Failed flashing logs:
The following logs were collected on a Ubuntu 18.04 System (4 Core CPU & 8GB of RAM)
336+0 records in
336+0 records out
336 bytes copied, 0,0125908 s, 26,7 kB/s
Writing bpmp-fw-dtb_b partition done
writing item=55, 1:3:kernel_b, 15142551552, 67108864, boot.img, 43569152, fixed-<reserved>-12, a84d1802f9dc10564ecff0d3fcb06082c815142e
Writing kernel_b partition with boot.img
Get size of partition through connection.
blockdev: cannot open /dev/sdc12: No such file or directory
[ 1825]: l4t_flash_from_kernel: Get size of partition failed
[ 1825]: l4t_flash_from_kernel: Error flashing emmc
Error flashing non-qspi storage
Cleaning up...
452+0 records in
452+0 records out
452 bytes copied, 0,00270544 s, 167 kB/s
Writing recovery-dtb partition done
writing item=60, 1:3:RECROOTFS, 15328608256, 104857600, , , fixed-<reserved>-17,
[ 703]: l4t_flash_from_kernel: Warning: skip writing RECROOTFS partition as no image is specified
writing item=61, 1:3:esp, 15433465856, 67108864, esp.img, 67108864, fixed-<reserved>-18, 81add5846db4c52f28a11ba16df00871a06b70c2
Writing esp partition with esp.img
Get size of partition through connection.
blockdev: cannot open /dev/sdx18: No such file or directory
[ 703]: l4t_flash_from_kernel: Get size of partition failed
[ 703]: l4t_flash_from_kernel: Error flashing emmc
Error flashing non-qspi storage
Cleaning up...
336+0 records in
336+0 records out
336 bytes copied, 0,00240753 s, 140 kB/s
Writing bpmp-fw-dtb_b partition done
writing item=55, 1:3:kernel_b, 15142551552, 67108864, boot.img, 43569152, fixed-<reserved>-12, a84d1802f9dc10564ecff0d3fcb06082c815142e
Writing kernel_b partition with boot.img
Get size of partition through connection.
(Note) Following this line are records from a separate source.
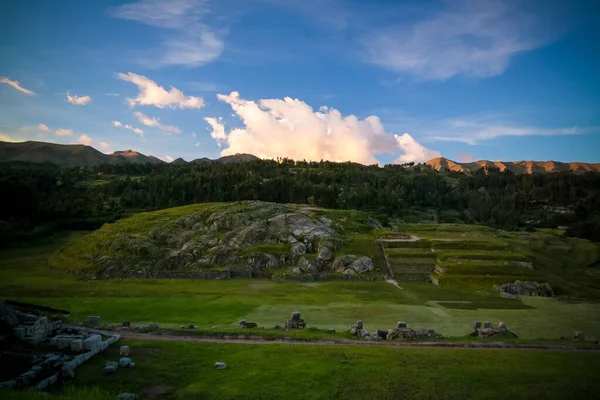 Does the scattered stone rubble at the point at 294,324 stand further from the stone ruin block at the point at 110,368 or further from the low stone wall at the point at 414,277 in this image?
the low stone wall at the point at 414,277

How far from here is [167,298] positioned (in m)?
57.5

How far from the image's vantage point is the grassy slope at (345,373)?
22.2 m

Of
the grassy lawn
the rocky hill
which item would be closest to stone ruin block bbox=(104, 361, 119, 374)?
the grassy lawn

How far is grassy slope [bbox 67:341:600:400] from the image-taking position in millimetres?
22172

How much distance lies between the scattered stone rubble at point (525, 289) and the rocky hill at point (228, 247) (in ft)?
A: 70.0

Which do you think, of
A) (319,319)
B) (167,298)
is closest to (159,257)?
(167,298)

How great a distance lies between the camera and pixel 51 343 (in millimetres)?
28469

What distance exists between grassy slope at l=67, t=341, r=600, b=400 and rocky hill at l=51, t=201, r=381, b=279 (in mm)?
45786

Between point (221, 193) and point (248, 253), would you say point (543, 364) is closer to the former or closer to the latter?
point (248, 253)

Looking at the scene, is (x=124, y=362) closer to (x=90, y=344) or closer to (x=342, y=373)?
(x=90, y=344)

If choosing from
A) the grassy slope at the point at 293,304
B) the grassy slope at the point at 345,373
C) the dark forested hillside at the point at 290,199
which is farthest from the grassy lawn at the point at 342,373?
the dark forested hillside at the point at 290,199

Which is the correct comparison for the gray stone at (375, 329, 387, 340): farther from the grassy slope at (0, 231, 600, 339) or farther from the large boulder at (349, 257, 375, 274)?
the large boulder at (349, 257, 375, 274)

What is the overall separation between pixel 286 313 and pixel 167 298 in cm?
1882

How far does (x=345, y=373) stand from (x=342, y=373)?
0.18m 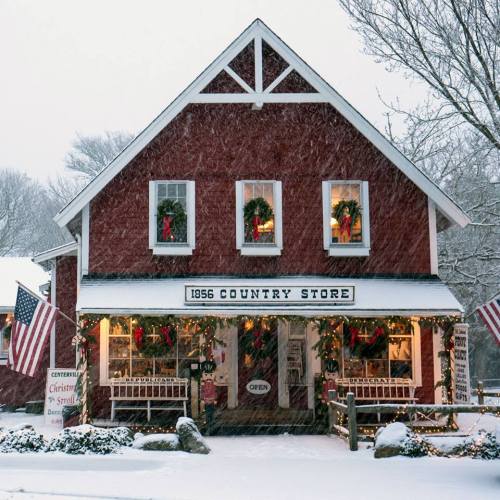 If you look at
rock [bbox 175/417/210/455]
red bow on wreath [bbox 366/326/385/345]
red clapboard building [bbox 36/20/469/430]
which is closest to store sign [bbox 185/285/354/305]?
red clapboard building [bbox 36/20/469/430]

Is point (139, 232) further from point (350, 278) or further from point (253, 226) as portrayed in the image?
point (350, 278)

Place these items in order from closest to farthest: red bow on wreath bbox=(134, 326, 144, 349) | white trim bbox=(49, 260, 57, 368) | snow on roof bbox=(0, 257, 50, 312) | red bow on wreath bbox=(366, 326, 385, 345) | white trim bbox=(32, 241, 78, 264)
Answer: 1. red bow on wreath bbox=(134, 326, 144, 349)
2. red bow on wreath bbox=(366, 326, 385, 345)
3. white trim bbox=(32, 241, 78, 264)
4. white trim bbox=(49, 260, 57, 368)
5. snow on roof bbox=(0, 257, 50, 312)

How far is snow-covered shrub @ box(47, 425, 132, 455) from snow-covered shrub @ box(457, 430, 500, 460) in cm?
593

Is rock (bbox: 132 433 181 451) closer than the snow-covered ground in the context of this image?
No

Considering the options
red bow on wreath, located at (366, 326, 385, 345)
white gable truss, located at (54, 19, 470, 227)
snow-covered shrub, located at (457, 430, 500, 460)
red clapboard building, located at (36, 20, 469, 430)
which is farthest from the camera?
white gable truss, located at (54, 19, 470, 227)

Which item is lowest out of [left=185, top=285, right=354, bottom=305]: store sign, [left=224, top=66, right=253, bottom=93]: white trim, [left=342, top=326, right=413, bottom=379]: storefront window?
[left=342, top=326, right=413, bottom=379]: storefront window

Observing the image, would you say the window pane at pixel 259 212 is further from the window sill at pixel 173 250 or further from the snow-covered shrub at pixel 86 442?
the snow-covered shrub at pixel 86 442

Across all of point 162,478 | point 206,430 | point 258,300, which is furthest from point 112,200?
point 162,478

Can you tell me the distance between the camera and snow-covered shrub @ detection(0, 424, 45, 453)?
13.3 m

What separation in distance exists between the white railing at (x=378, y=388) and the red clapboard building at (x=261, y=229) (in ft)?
0.13

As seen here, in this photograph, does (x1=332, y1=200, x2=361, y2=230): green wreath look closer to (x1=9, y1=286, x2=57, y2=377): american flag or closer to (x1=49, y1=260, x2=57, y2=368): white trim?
(x1=9, y1=286, x2=57, y2=377): american flag

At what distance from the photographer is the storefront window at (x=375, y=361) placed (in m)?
18.0

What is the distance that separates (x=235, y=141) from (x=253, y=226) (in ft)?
6.80

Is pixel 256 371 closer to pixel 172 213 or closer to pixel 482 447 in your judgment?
pixel 172 213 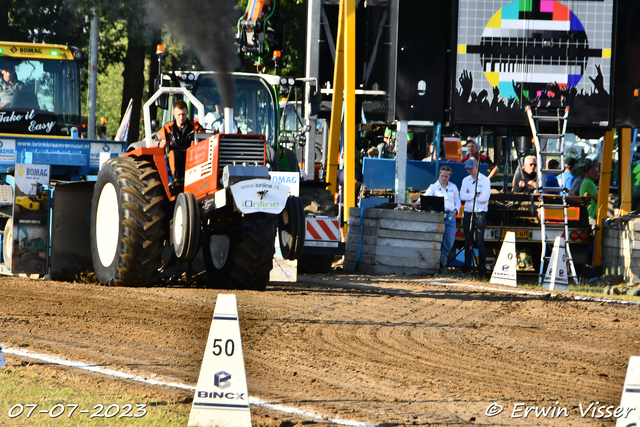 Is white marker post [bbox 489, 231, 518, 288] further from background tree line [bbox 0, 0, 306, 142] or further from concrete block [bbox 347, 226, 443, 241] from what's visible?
background tree line [bbox 0, 0, 306, 142]

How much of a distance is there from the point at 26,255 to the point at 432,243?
6.09 m

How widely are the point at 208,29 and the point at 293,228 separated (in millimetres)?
2792

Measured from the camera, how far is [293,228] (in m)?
9.44

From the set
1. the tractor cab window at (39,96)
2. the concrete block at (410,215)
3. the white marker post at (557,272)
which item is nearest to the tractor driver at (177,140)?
the concrete block at (410,215)

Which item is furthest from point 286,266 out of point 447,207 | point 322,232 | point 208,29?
point 447,207

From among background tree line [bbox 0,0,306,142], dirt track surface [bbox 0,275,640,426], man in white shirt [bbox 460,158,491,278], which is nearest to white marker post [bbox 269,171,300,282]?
dirt track surface [bbox 0,275,640,426]

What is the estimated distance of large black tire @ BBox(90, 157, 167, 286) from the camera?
31.5 ft

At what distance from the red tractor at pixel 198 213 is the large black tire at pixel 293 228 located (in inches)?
0.4

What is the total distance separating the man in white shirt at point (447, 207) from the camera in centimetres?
1409

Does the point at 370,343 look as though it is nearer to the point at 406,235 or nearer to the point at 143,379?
the point at 143,379

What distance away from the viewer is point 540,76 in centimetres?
1452

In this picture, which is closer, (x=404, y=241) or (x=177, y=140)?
(x=177, y=140)

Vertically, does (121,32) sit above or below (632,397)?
above

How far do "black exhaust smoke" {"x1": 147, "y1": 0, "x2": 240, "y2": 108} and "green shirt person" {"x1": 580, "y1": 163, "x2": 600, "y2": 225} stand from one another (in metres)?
7.33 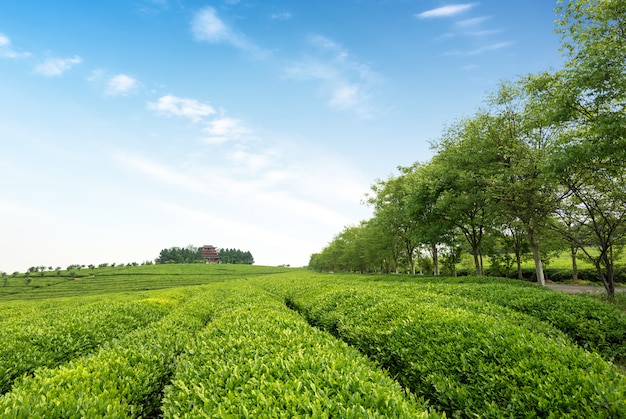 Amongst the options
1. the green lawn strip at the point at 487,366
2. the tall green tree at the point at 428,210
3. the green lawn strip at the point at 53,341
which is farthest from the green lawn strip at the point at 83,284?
the green lawn strip at the point at 487,366

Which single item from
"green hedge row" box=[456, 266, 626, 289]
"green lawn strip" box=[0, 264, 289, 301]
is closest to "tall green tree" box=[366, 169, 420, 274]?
"green hedge row" box=[456, 266, 626, 289]

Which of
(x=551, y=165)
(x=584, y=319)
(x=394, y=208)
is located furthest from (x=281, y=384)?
(x=394, y=208)

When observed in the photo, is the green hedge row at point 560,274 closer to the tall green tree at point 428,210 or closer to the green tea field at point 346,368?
the tall green tree at point 428,210

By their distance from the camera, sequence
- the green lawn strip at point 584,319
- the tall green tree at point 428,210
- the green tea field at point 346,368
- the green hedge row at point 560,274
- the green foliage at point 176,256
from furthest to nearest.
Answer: the green foliage at point 176,256 < the green hedge row at point 560,274 < the tall green tree at point 428,210 < the green lawn strip at point 584,319 < the green tea field at point 346,368

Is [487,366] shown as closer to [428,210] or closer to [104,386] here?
[104,386]

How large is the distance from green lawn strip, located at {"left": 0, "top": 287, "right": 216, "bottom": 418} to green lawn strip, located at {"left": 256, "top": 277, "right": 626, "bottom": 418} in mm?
5062

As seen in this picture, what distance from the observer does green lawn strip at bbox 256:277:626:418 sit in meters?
4.11

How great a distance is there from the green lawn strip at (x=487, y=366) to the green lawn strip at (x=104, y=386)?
506cm

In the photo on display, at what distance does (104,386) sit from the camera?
16.2ft

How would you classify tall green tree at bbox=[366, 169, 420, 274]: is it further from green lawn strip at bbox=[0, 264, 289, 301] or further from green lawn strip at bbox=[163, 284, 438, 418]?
green lawn strip at bbox=[0, 264, 289, 301]

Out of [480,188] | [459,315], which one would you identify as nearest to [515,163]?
[480,188]

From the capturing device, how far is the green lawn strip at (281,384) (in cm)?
344

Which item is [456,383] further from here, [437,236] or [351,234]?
[351,234]

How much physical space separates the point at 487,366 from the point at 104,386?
692cm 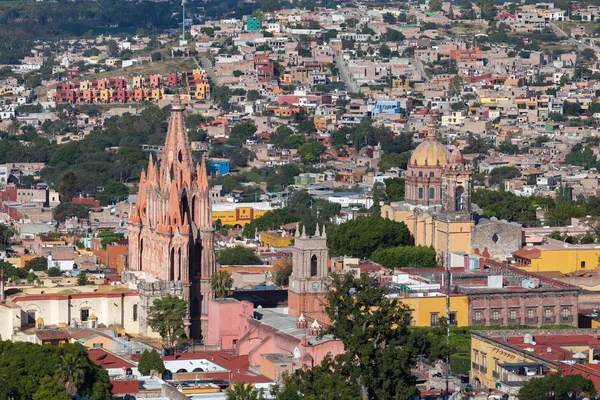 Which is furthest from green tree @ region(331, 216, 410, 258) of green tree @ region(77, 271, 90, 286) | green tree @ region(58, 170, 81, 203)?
green tree @ region(58, 170, 81, 203)

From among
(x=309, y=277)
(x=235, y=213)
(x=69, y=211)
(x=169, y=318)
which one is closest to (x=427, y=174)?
(x=235, y=213)

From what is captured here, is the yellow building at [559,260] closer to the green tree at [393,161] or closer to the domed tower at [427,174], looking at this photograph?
the domed tower at [427,174]

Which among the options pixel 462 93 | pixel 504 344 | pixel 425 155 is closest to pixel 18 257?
pixel 425 155

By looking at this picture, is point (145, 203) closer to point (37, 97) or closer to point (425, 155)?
point (425, 155)

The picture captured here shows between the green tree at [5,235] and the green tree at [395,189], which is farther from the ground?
the green tree at [395,189]

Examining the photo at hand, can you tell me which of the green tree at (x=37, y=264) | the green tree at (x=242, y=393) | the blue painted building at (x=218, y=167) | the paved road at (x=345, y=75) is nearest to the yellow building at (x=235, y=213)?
the blue painted building at (x=218, y=167)

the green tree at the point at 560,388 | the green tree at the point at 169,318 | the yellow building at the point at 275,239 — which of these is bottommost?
the yellow building at the point at 275,239

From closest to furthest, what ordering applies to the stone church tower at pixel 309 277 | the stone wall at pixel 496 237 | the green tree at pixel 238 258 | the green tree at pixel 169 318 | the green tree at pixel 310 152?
1. the green tree at pixel 169 318
2. the stone church tower at pixel 309 277
3. the stone wall at pixel 496 237
4. the green tree at pixel 238 258
5. the green tree at pixel 310 152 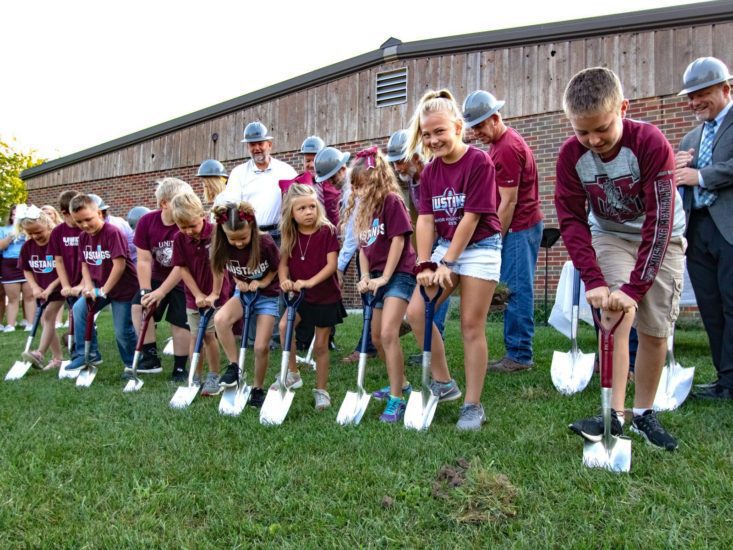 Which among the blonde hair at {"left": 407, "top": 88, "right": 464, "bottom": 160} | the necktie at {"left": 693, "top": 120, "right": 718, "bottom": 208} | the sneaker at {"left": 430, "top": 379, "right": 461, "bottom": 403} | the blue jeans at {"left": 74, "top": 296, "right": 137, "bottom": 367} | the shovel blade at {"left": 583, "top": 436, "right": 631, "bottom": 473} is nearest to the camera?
the shovel blade at {"left": 583, "top": 436, "right": 631, "bottom": 473}

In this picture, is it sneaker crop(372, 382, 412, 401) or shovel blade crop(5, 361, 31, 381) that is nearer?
sneaker crop(372, 382, 412, 401)

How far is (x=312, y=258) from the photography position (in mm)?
4684

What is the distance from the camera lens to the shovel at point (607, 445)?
2.76 meters

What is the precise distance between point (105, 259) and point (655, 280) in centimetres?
519

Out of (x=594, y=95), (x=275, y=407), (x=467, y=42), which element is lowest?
(x=275, y=407)

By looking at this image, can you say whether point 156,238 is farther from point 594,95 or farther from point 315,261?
point 594,95

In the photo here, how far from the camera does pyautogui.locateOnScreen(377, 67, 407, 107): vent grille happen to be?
11930mm

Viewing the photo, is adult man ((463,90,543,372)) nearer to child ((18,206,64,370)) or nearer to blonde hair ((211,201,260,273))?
blonde hair ((211,201,260,273))

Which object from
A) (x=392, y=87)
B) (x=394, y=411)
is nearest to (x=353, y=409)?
(x=394, y=411)

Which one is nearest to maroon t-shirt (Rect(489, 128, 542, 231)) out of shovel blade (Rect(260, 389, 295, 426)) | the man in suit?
the man in suit

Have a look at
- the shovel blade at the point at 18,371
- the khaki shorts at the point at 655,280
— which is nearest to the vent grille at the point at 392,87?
the shovel blade at the point at 18,371

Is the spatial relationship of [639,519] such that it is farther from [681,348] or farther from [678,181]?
[681,348]

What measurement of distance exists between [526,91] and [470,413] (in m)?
8.29

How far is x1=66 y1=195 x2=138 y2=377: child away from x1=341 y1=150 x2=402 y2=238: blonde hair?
9.61 ft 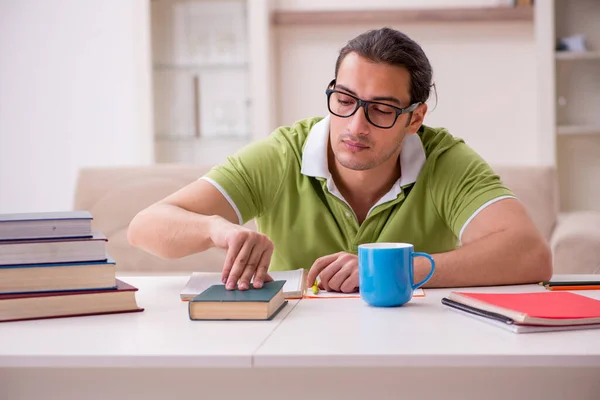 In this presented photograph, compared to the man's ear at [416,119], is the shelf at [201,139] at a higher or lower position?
higher

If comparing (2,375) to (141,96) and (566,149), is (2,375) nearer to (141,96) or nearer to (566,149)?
(141,96)

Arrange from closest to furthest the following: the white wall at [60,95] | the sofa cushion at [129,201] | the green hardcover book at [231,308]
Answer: the green hardcover book at [231,308], the sofa cushion at [129,201], the white wall at [60,95]

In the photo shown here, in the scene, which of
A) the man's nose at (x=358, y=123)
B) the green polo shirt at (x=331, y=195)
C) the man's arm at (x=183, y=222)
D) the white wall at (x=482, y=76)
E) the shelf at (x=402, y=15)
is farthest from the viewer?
the white wall at (x=482, y=76)

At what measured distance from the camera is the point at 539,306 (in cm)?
111

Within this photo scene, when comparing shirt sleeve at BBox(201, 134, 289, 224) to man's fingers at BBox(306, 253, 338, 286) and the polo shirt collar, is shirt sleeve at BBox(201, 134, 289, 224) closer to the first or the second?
the polo shirt collar

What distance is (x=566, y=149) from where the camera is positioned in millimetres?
3852

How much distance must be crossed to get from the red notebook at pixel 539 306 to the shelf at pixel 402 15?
2783mm

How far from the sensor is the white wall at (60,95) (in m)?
4.17

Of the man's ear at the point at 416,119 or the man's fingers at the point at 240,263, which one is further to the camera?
the man's ear at the point at 416,119

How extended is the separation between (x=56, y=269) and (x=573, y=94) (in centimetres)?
322

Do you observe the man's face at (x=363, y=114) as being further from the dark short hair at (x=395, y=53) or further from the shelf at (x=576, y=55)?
the shelf at (x=576, y=55)

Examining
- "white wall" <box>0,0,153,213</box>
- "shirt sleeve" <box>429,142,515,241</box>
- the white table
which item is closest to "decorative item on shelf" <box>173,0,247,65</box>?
"white wall" <box>0,0,153,213</box>

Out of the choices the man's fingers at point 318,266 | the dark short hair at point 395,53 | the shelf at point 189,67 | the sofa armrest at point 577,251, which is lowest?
the sofa armrest at point 577,251

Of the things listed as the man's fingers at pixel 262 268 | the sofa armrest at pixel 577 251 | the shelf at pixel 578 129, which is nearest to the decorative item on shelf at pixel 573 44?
the shelf at pixel 578 129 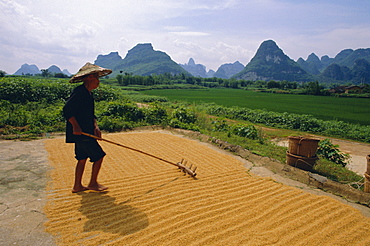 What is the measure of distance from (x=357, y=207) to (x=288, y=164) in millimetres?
1773

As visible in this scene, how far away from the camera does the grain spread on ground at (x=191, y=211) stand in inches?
99.0

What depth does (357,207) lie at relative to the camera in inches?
139

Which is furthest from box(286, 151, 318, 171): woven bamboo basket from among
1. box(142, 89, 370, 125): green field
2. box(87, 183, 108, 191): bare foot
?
box(142, 89, 370, 125): green field

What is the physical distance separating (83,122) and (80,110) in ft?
0.58

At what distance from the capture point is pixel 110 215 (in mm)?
2877

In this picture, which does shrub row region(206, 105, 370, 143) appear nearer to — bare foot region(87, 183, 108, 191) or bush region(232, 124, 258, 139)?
bush region(232, 124, 258, 139)

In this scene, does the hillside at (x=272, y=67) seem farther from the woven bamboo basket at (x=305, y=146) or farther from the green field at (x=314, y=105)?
the woven bamboo basket at (x=305, y=146)

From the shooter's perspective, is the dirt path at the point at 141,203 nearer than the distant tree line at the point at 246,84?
Yes

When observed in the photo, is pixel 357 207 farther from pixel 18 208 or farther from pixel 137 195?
pixel 18 208

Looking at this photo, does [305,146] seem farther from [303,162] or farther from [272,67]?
[272,67]

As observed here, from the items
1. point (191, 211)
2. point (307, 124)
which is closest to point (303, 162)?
point (191, 211)

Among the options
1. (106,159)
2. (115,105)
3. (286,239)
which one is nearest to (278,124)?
(115,105)

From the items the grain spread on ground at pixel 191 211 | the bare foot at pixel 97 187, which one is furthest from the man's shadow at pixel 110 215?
the bare foot at pixel 97 187

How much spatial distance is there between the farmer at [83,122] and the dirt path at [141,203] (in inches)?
16.5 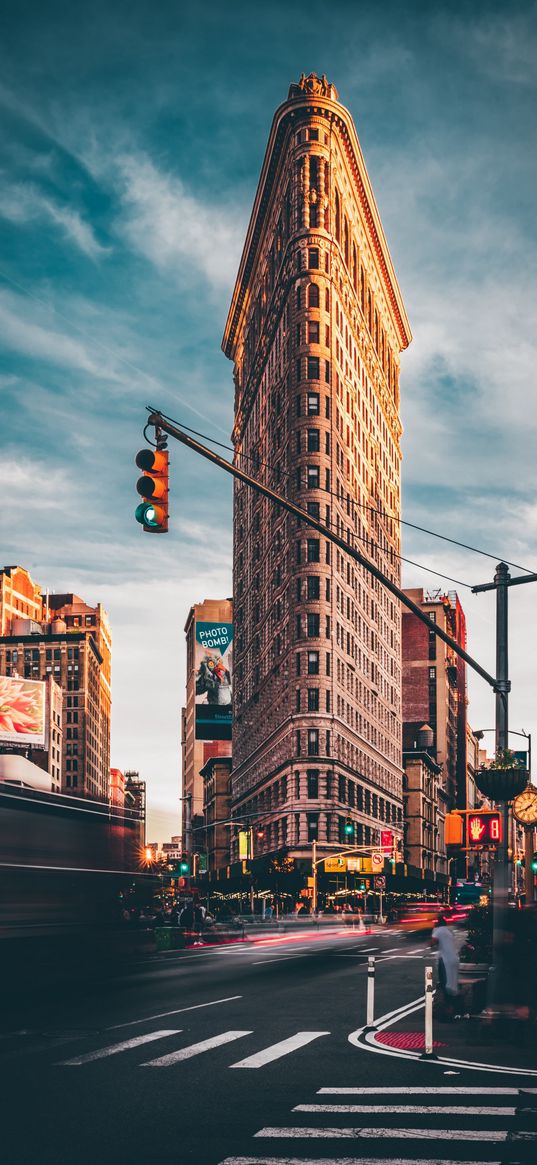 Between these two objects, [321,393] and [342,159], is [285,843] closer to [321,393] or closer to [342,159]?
[321,393]

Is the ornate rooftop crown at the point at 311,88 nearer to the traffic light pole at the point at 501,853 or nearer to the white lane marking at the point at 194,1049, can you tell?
the traffic light pole at the point at 501,853

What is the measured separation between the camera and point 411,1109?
11461 mm

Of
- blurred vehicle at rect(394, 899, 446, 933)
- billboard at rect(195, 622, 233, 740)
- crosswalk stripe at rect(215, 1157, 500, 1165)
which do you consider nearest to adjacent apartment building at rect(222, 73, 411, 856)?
Answer: blurred vehicle at rect(394, 899, 446, 933)

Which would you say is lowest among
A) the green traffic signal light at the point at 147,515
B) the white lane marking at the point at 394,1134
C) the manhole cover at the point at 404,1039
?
the manhole cover at the point at 404,1039

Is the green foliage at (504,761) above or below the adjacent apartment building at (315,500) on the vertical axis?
below

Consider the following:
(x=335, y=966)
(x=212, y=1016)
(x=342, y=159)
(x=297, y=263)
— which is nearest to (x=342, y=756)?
(x=297, y=263)

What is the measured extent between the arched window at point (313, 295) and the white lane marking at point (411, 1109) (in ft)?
A: 316

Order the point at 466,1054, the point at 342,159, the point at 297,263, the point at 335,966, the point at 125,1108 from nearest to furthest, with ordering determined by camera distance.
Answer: the point at 125,1108
the point at 466,1054
the point at 335,966
the point at 297,263
the point at 342,159

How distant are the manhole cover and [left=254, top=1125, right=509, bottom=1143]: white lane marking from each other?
5.68 m

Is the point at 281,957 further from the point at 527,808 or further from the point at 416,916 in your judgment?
the point at 416,916

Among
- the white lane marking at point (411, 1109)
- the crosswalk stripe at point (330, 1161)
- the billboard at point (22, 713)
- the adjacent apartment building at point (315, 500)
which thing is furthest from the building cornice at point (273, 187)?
the crosswalk stripe at point (330, 1161)

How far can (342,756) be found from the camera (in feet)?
325

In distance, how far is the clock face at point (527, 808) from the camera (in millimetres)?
31641

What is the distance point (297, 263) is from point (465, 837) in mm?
91698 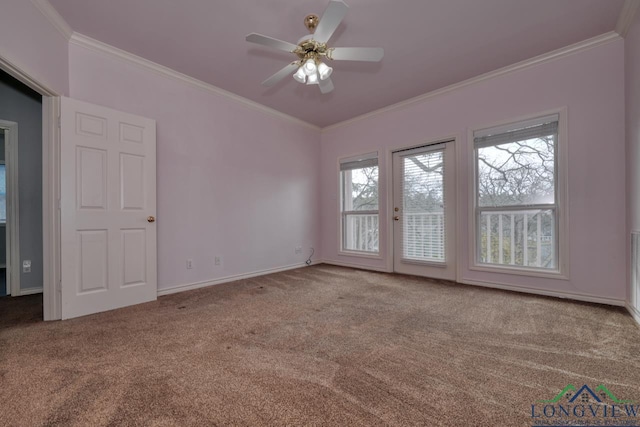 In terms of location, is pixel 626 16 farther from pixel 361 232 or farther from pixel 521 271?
pixel 361 232

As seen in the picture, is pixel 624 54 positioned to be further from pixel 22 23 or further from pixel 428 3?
pixel 22 23

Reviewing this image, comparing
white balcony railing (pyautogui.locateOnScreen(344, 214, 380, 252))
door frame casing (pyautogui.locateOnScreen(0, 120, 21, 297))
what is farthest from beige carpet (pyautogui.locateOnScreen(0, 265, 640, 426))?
white balcony railing (pyautogui.locateOnScreen(344, 214, 380, 252))

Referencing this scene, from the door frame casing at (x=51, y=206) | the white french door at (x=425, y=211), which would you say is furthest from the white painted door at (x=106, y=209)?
the white french door at (x=425, y=211)

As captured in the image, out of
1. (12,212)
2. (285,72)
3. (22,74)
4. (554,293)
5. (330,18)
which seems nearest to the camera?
(330,18)

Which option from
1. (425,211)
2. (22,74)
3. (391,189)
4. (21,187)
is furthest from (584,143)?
(21,187)

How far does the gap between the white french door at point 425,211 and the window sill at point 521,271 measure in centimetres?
34

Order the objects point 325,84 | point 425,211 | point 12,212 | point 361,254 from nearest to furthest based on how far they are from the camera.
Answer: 1. point 325,84
2. point 12,212
3. point 425,211
4. point 361,254

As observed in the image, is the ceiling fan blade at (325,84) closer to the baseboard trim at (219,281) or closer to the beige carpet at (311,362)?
the beige carpet at (311,362)

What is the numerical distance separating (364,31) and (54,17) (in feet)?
8.67

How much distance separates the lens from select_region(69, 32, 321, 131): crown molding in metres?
2.55

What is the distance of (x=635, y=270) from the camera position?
88.4 inches

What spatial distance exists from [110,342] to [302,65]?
2543 millimetres

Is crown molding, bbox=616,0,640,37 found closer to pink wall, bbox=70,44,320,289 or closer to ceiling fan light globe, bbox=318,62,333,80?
ceiling fan light globe, bbox=318,62,333,80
blockdev: cannot open /dev/sdb12: No such file or directory
[ 855]: l4t_flash_from_kernel: Get size of partition failed
[ 855]: l4t_flash_from_kernel: Error flashing emmc
Error flashing non-qspi storage
Cleaning up...
Formatting APP parition done
Formatting APP partition /dev/sdf1 ...
tar --xattrs -xpf /opt/tobias/framework/assets/initrd_massflash/current_image/tools/kernel_flash/images/internal/system.img --checkpoint=10000 --warning=no-timestamp --numeric-owner -C /tmp/ci-bmRAhaKgLy
tar: Read checkpoint 10000
tar: Read checkpoint 20000
tar: Read checkpoint 30000
tar: Read checkpoint 40000
tar: ./usr/share/fonts/opentype/noto/NotoSansCJK-Regular.ttc: Cannot write: Read-only file system
tar: ./usr/share/fonts/opentype/noto/NotoSansCJK-Regular.ttc: Cannot utime: Read-only file system
tar: ./usr/share/fonts/opentype/noto/NotoSansCJK-Regular.ttc: Cannot change ownership to uid 0, gid 0: Read-only
[a lot of errors of the same kind...]
tar: ./usr/share/perl/5.30.0/CPAN/Meta/YAML.pm: Cannot open: Input/output error
tar: ./usr/share/perl/5.30.0/CPAN/Meta/History: Cannot mkdir: Input/output error
tar: ./usr/share/perl/5.30.0/CPAN/Meta/History/Meta_1_3.pod: Cannot open: Input/output error
tar: ./usr/share/perl/5.30.0/CPAN/Meta/History/Meta_1_2.pod: Cannot open: Input/output error
tar: ./usr/share/perl/5.30.0/CPAN/Meta/History/Meta_1_0.pod: Cannot open: Input/output error
Cleaning up...
The fail rate is about 15-20% of the devices I connect. It also seems rather random on which USB port it occurs.
My actual question
- Has anyone experienced similar issues with init_rd massflash or is this even a known issue with the massflash script? If yes, how did you guys solve this?
- How many devices have been verified to work reliable (I assumed the limit was 10, because the default is limited to 10)?